4 The Zinoviev Letter
The most famous British spy scoop came during the 1924 general election in the form of the Zinoviev letter, a detailed (but largely fictional) set of instructions sent from Moscow ordering armed insurrection if the Labour Party won the election with a working majority. The Times printed the document four days before polling (with an accompanying editorial headlined "AT LAST THE TRUTH"). By the time the scam was exposed Labour had lost the election. The Zinoviev letter is one of dozens of hyped, but untrue scoops. Other colossal whoppers: the Hitler Diaries (Sunday Times); the Ronnie Biggs saga (Daily Express) and Martin Bormann discovered in South America (Daily Express, again).
5 The Profumo affair
The 1963 Profumo scandal was a collective Fleet Street scoop rather than a genuine exclusive belonging to one paper, though the News of the World made most of the running. The story was based on a supposed threat to the security of the realm: establishing that Defence Minister John Profumo had shared call girl Christine Keeler with a Russian military attache. The real attraction was the opportunity to trawl through the sex lives of the rich and powerful. A series of sex scoops and mini scoops followed, detailing kinkiness in high places. It has continued to this day.
6 Lord Lambton and the art of the "kiss 'n' tell"
In 1973 the News of the World exposed junior defence minister Lord Lambton's sexual peccadilloes. This time the scoop was the sole property of the paper. It had bought the details and (importantly) accompanying photographs from a call girl. Within a decade the tabloids were running regular auctions for off-the-peg call-girl scoops. Many of these kiss 'n' tells ended in libel disaster. The Sun's "ELTON'S KINKY KINKS", based on false material bought from a rent boy, cost the paper at least pounds 1m.

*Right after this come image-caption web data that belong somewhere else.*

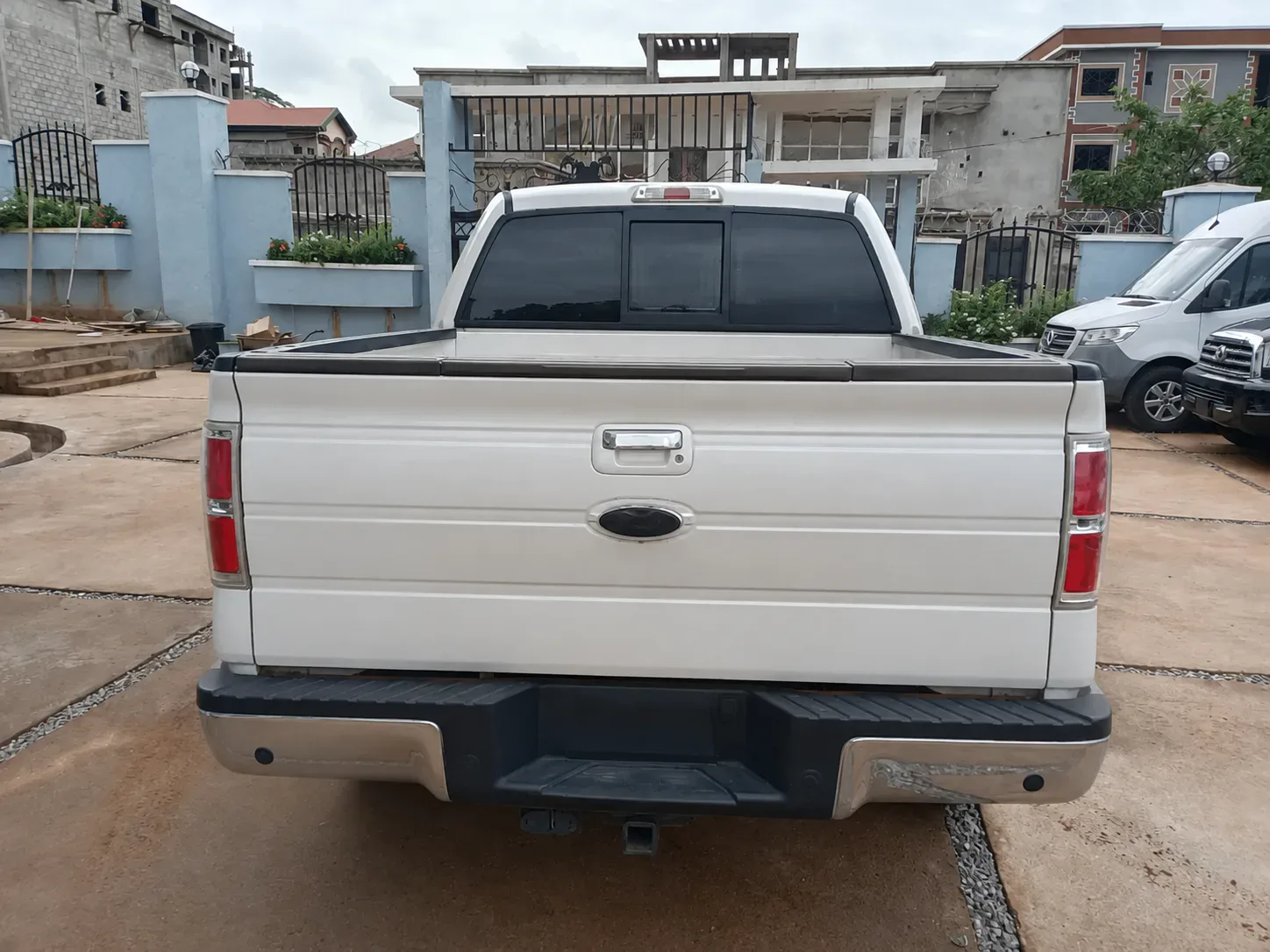 Ford F-150 - white, burgundy interior — Exterior — photo 2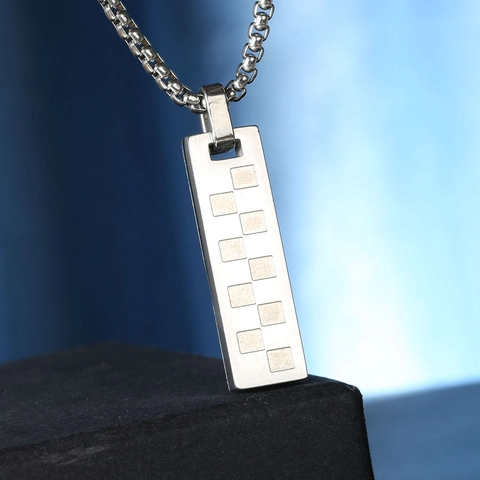 Minimalist Stainless Steel Checkerboard Pendant Necklace For Men Women Geometric Grid Rectangle Pendant Box Chain Jewelry Gift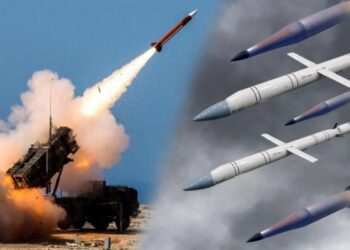 Можливий масований удар: Зеленський та посольство США попередили українців про небезпеку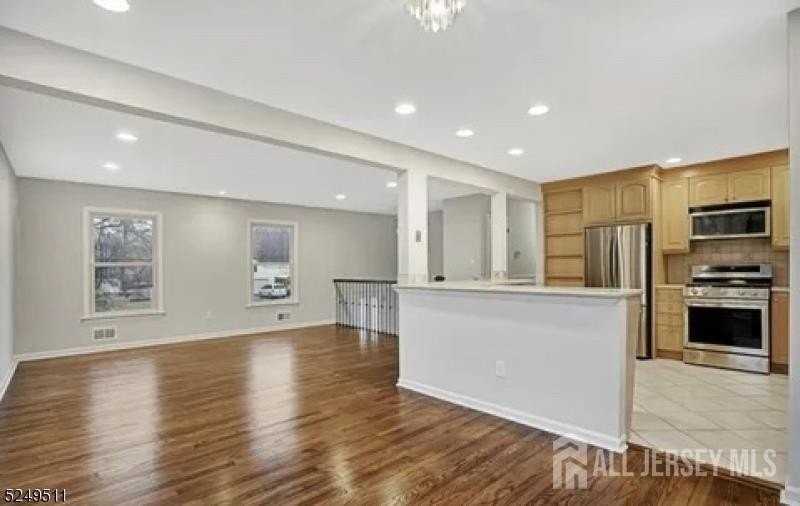 10 Cedar St - Photo 3 of 13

It is reckoned to be the most expensive (untrue) scoop in newspaper history.
Harold Evans tried to turn the Sunday Times into a scoop factory during the 1970s with the launch of the Insight team. Insight is best remembered for breaking the Thalidomide scandal. The story remains the best example of the decade's craze for well funded investigative journalism. Harold Evans didn't survive the Murdoch takeover to of the Times. The craze is now at an end.
8 Watergate - the 'Washington Post'
The humdinger modern political scoop and the first since Zola to cause, in effect, the fall of a corrupt government. After the Watergate story broke, journalists were briefly portrayed in Hollywood films etc, as selfless heroes. The more familiar stereotype of the insensitive, cynical, hard-drinking mercenary was quickly re-established.
9 Freddie Star Ate My Hamster
The greatest tabloid story of recent years, this nonsense appeared in 1986 courtesy of Kelvin Mackenzie, editor of the Sun, and Max Clifford, the comic's PR minder. Clifford, who claims to provide more scoops than an ice-cream salesman, is one of an army of PR operators involved in the supply of celebrity "exclusives" to the tabloids.
10 Who Bombed Birmingham?
When the investigative journalism fad largely disappeared in the Seventies and Eighties it crossed over to TV and shows like World In Action. The old war-horse has had its fair share of scoops, including "Who Bombed Birmingham?", credited with helping to set the Birmingham Six free. And, oh yes, Panorama has had one or two as well.